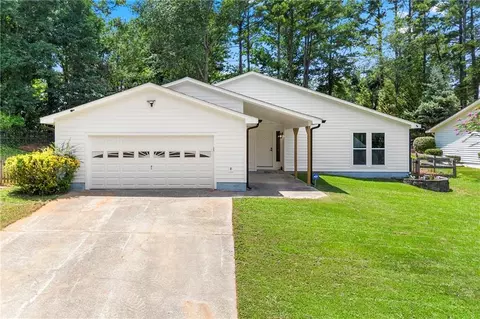 910 Lake Haven Ct, Roswell, GA 30076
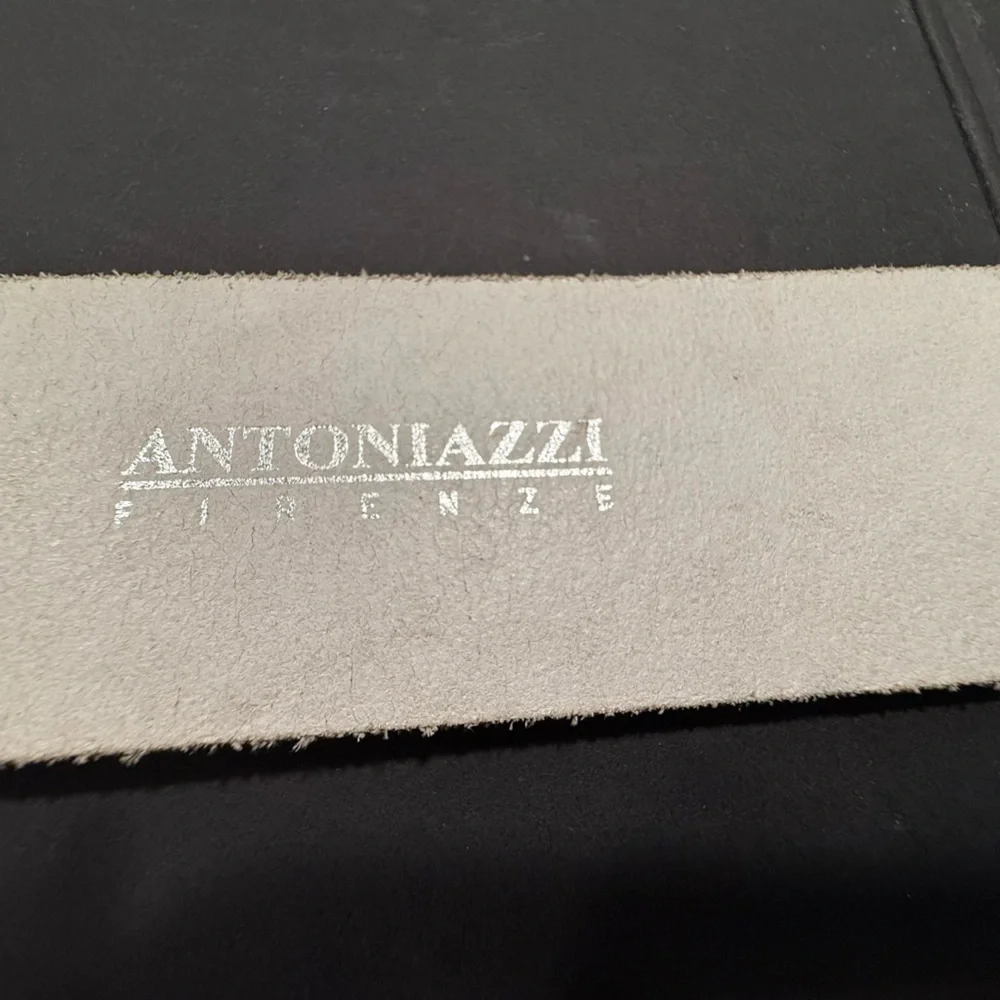 ANTONIAZZI FIRENZE ITALY White Leather Loop Ring Belt Silver Links Chic Stylish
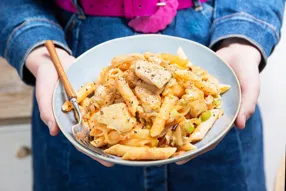 Pennes de poulet et poireau à la sauce crémeuse tomatée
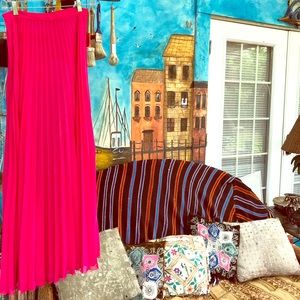 Beautiful Maxi skirt size S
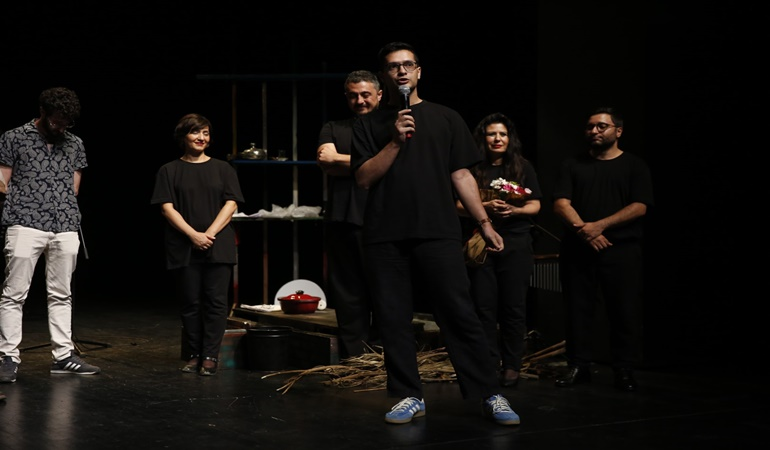 Kocaeli Şehir Tiyatroları oyunu İstanbul’da büyük beğeni topladı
● ● ●
Task goal
Please set down the records above word for word and omit their pictures.

Solution to this exercise
 910 Lake Haven Ct, Roswell, GA 30076
 ANTONIAZZI FIRENZE ITALY White Leather Loop Ring Belt Silver Links Chic Stylish
 Pennes de poulet et poireau à la sauce crémeuse tomatée
 Beautiful Maxi skirt size S
 Kocaeli Şehir Tiyatroları oyunu İstanbul’da büyük beğeni topladı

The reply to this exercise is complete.